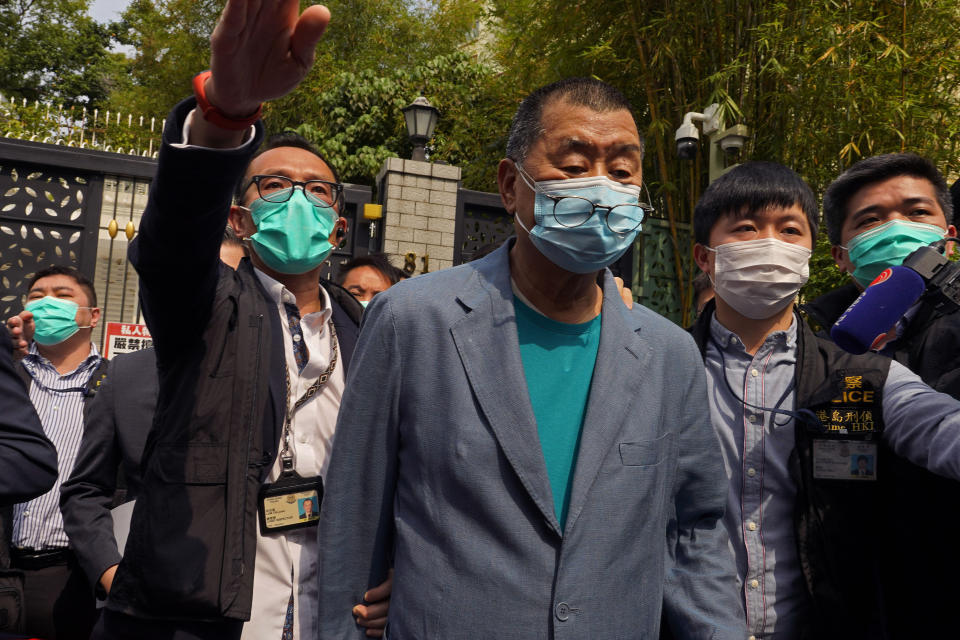 Hong Kong media tycoon Jimmy Lai, center, who founded local newspaper Apple Daily, is arrested by police officers at his home in Hong Kong, Saturday, April 18, 2020. Hong Kong police arrested at least 14 pro-democracy lawmakers and activists on Saturday on charges of joining unlawful protests last year calling for reforms. (AP Photo/Vincent Yu)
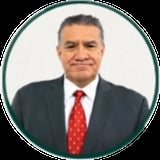 Professional headshot of a middle-aged man in a dark suit and red tie against a white background
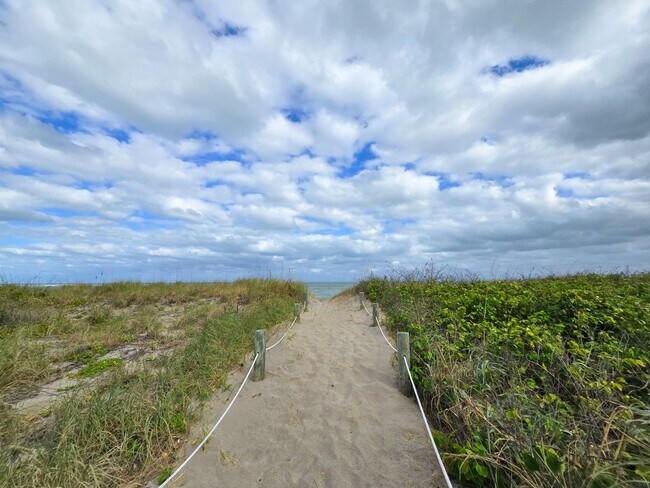 Building Photo - OCEANFRONT FURNISHED ANNUAL ONE BEDROOM ONE BATH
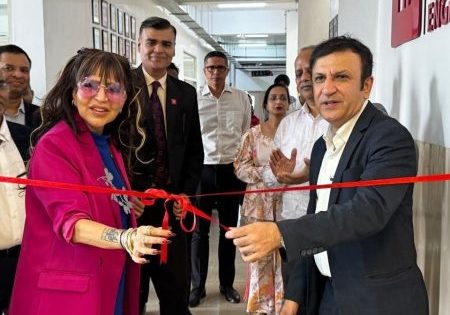 KONE Elevator India & South Asia Managing Director Amit Gossain, right, cuts the ribbon with fellow leaders; image courtesy of KONE. 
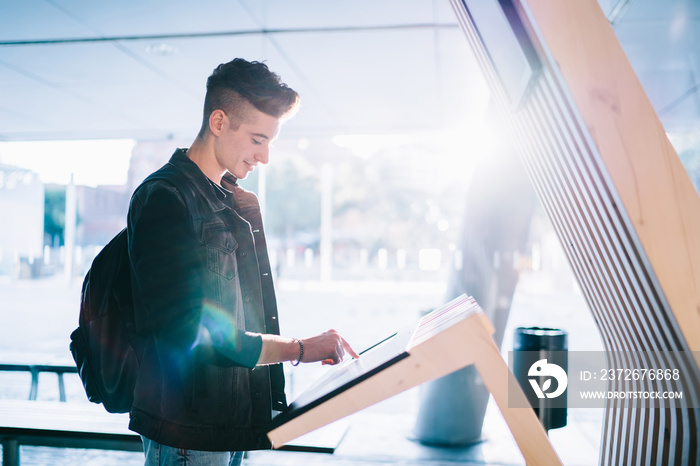 Young man using electronic information stand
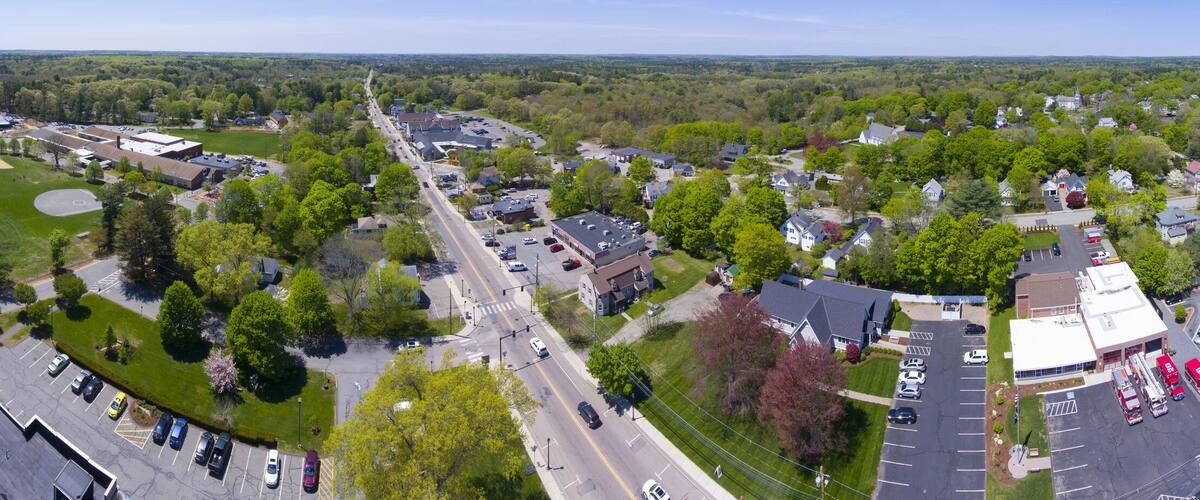 A suburban area with a fire station, residential houses, and a large industrial building.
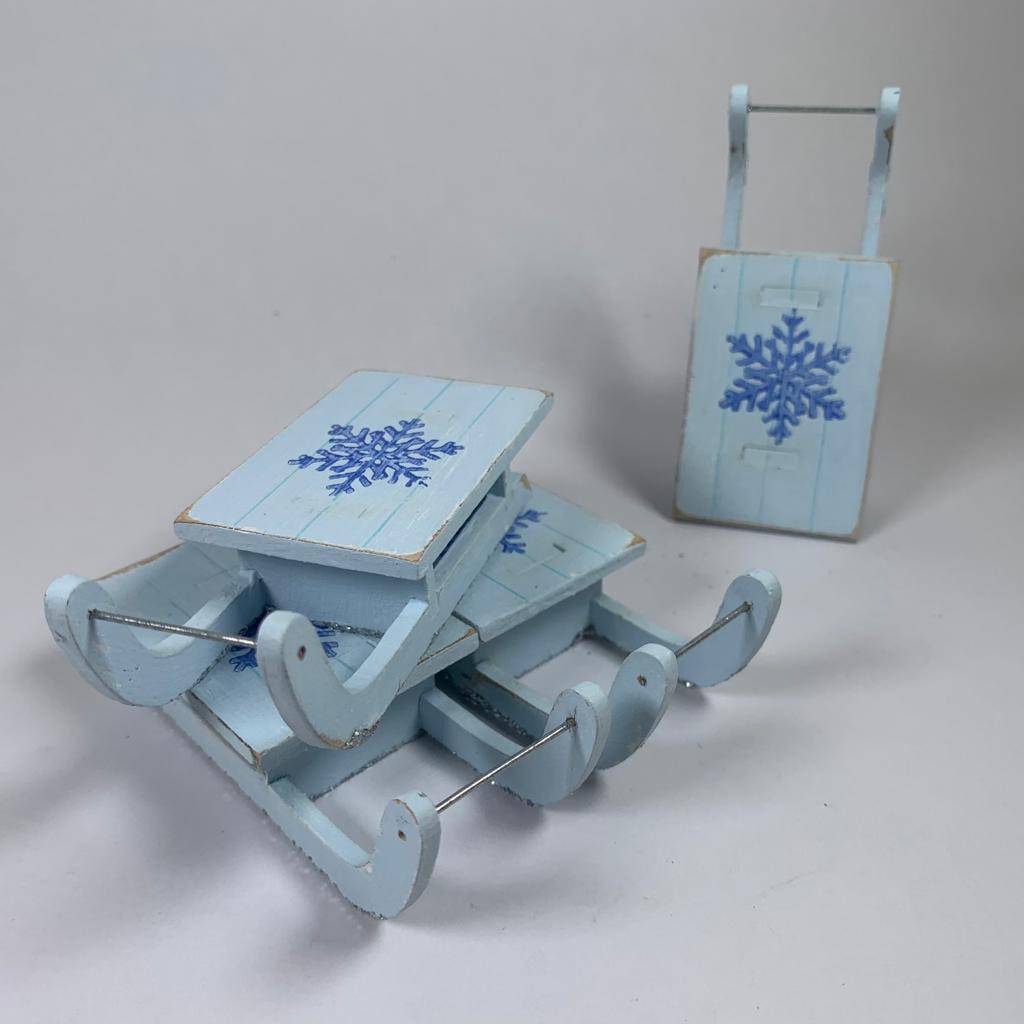 Rustic handmade Christmas winter sledge bauble by Curious Rabbit, decorative holiday ornament with winter festive details.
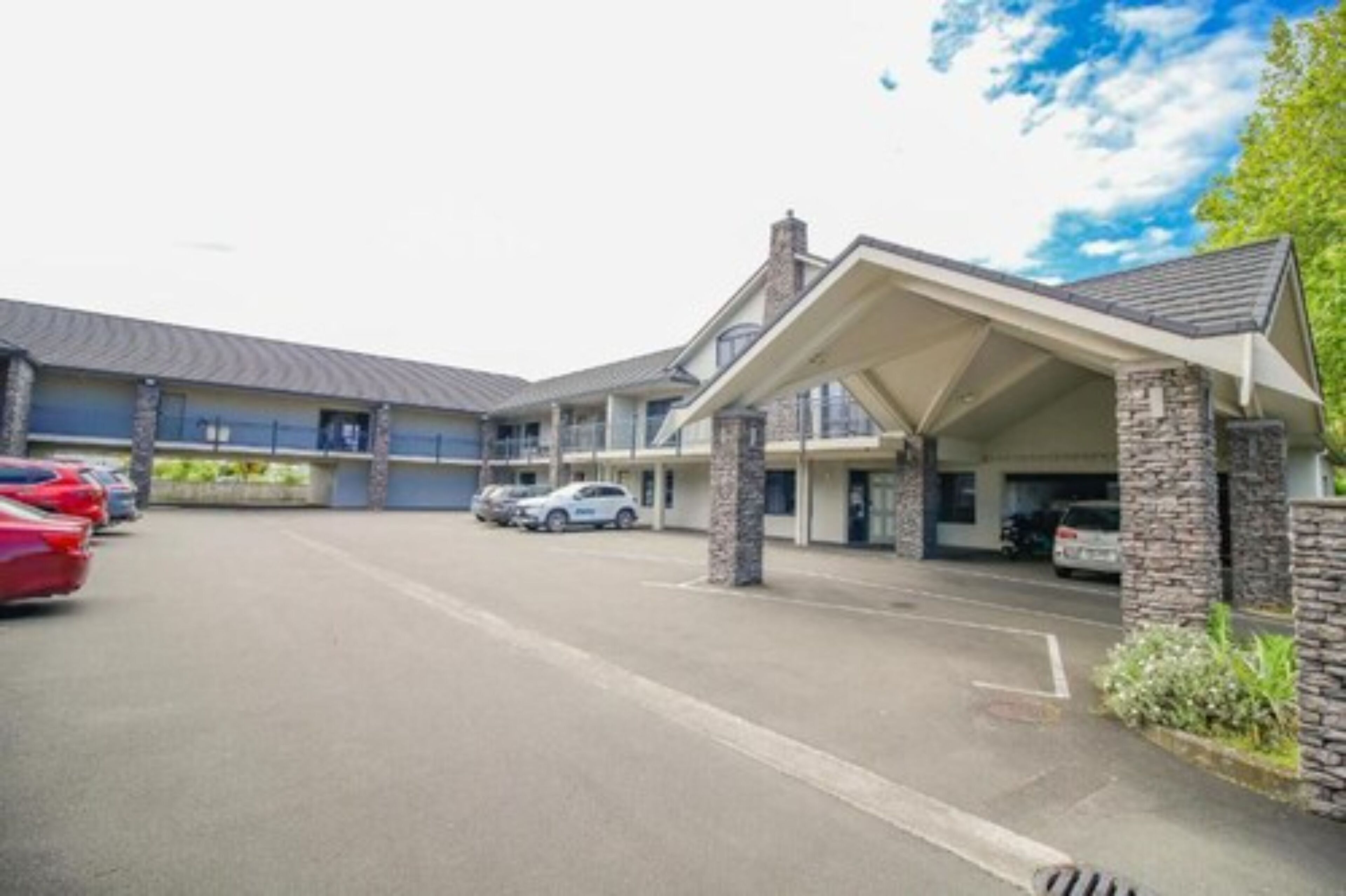 A motel with a covered entrance, a parking lot with several cars, and a building with a stone facade.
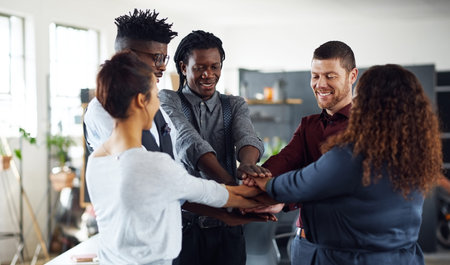Bring it in for another team success. a group of businesspeople joining their hands together in a...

=== What needs to be done ===
Skip the pictures. Please copy exactly the lines from the one with "Young man using electronic information stand" through the final line of the material above, both ends included.

=== Final answer ===
 Young man using electronic information stand
 A suburban area with a fire station, residential houses, and a large industrial building.
 Rustic handmade Christmas winter sledge bauble by Curious Rabbit, decorative holiday ornament with winter festive details.
 A motel with a covered entrance, a parking lot with several cars, and a building with a stone facade.
Bring it in for another team success. a group of businesspeople joining their hands together in a...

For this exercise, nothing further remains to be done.